Существенным отличием континентального прецедента от англосаксонского является то, что последний может быть создан одним судебным решением, в то время как континентальный прецедент создается благодаря появлению ряда судебных решений [5, с.1165], т.е. возникает если не в результате консенсуса [6, с.28 ], то во всяком случае вследствие восприятия правовой позиции значительной частью юридического сообщества.

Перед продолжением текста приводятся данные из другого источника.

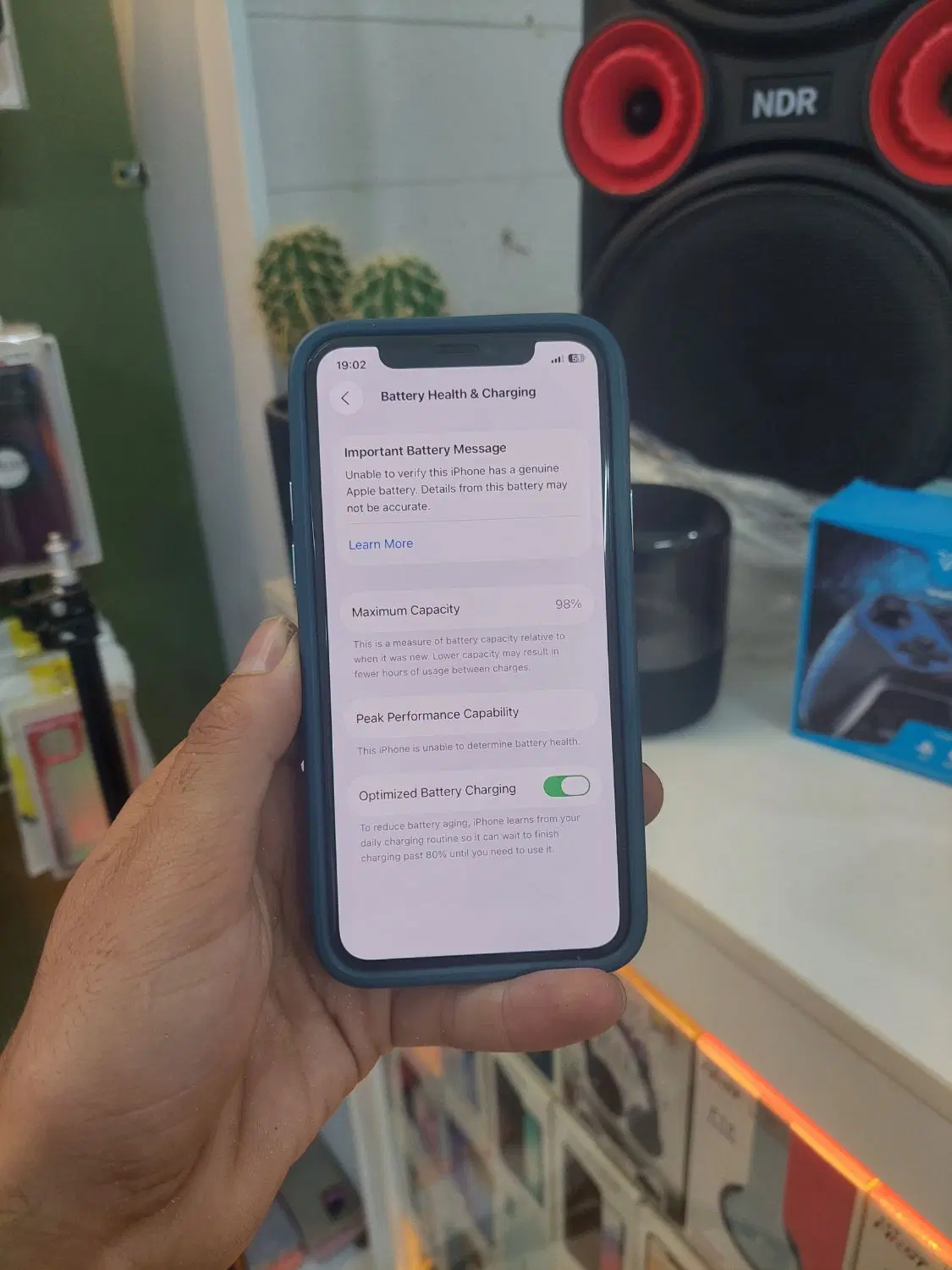 iphone 11pro|موبایل|علیآباد کتول, |دیوار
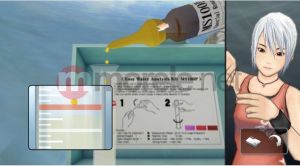 Another Code: R Wii U 6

При этом в странах обеих правовых семей существует и общий для них вид прецедента - так называемый убедительный прецедент (persuasive precedent): отдельные судебные решения, которые сами по себе не создают прецедента ни в англосаксонском, ни в континентальном смысле, тем не менее, учитывая авторитетность суда, который их принял, существенно влияют на практику других судов, хотя и не являются обязательными для них. В том числе убедительный прецедент может создаваться и решением иностранного суда и влиять на практику национального суда, что особенно распространено в странах общего права. В странах континентального права убедительными прецедентами являются отдельные решения высших судов, которые создают основу для дальнейшего формирования устоявшейся судебной практики. Трудно переоценить и роль убедительного прецедента при применении международных договоров различными национальными судами, где англосаксонский прецедент не применяется и не может применяться для осуществления судебного правотворчества [7, с.882]. В настоящее время среди ученых широко распространенной [8, с.549] является точка зрения, афористично сформулированная лордом Денингом (Alfred Denning) в деле Trendtex Trading Corporation Ltd v Central Bank of Nigeria [1977] QB529: «международное право не знает stare decisis». Поэтому применение убедительных прецедентов, а также их модификация или отклонение от них в других убедительных прецедентах становятся первыми шагами перед тем, как роль судебных решений по таким делам становится схожей с ролью судебных решений согласно доктрине jurisprudence constante [9, с.196; 10, с.479].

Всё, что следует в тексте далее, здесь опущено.